Saturday 31 October 2020

The Kissing Booth 2 (2020) - Movie Review

Time to make a bit of a correction by addressing a film that I probably should’ve covered earlier. And no, I’m not just talking about this film specifically; I’m talking about the original as well. The first Kissing Booth blew past my radar back in 2018, and I didn’t see much reason to cover it at the time… but with how much Wattpad is shaping up to be the driving force for the next wave of YA adaptations, and that predates After in that trend, I figured it’d help to get that into my working history of the trend. And man, is it lucky I didn’t cover it the year it came out, as it can fit snugly between Venom and Gotti on my worst films of the year list. And honestly, it’s a bit of a toss-up whether this sequel is worse.

One of the big things that makes the first Kissing Booth so painful is its approach to teenaged romance… and how skeevy it is. I’ve seen it labelled as misogynistic, but quite frankly, it treats both men and women with the same lecherous, ‘slab of meat’ perspective, something made squickier by the age gap between the characters and the grown-ass director of the first film and this follow-up. At least Cuties had framing and context to fall back on with its imagery; just sayin’. And sure enough, the same applies here, albeit dampened slightly, giving the film a weird 365 Days-esque sheen of lust that makes the romances involved difficult to gel with.

Then again, that would likely be the case regardless of the framing because these are some of the most loathsome relationships I’ve ever covered on this blog, both between romantic partners and between so-called ‘friends’. The charisma between the actors is admittedly pretty solid (even if I once again have to lament seeing Joey King stoop to performing a script this subpar, a la Wish Upon and Slender Man), but with all the manipulation and passive-aggression that passes for interaction here, it’s hard to care about whether any of these emotionally-stunted cretins will be happy with each other. I know that this is something of a cliché with rom-coms, but if any of the lead characters here were capable of honest and open communication with each other, more than half of the film’s plot wouldn’t have even happened.

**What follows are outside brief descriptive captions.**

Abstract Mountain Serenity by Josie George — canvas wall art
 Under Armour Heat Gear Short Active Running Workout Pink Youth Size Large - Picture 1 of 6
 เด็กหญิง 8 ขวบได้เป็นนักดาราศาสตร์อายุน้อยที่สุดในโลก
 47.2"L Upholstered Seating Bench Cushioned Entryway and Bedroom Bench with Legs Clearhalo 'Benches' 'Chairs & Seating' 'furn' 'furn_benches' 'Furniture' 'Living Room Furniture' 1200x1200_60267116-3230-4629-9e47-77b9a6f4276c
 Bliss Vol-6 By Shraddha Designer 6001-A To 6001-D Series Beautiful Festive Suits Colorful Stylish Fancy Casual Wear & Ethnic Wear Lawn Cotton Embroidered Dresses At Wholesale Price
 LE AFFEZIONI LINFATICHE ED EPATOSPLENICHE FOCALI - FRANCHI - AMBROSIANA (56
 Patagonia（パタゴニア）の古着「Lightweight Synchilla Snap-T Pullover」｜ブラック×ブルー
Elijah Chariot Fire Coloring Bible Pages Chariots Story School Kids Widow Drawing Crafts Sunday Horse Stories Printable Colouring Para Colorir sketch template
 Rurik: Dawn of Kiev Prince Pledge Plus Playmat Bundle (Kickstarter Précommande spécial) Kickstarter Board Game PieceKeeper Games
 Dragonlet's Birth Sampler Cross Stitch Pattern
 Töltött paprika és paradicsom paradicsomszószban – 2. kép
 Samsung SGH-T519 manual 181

And speaking of cliches, I almost feel the need to congratulate co-writers Vince Marcello and Jay Arnold for crafting this Pogo remix of shitty rom-com tropes, some of which I don’t think have ever been used as sincerely as they are here. Some are recycled from the first film, like a gag where a character unknowingly reveals something embarrassing over an intercom, but then there’s shit like the other intercom gag that’s basically the ‘yes or no; tick a box’ schoolyard note meme played straight, dude-bro acoustic guitar session next to a fire on the beach (not every day this statement makes sense, but Adam Sandler did it better), and even a finale where the lead runs through an airport. Between all that nonsense and the repeated quoting of Audrey Hepburn, this somehow managed to annoy me even more than After through its sheer laziness.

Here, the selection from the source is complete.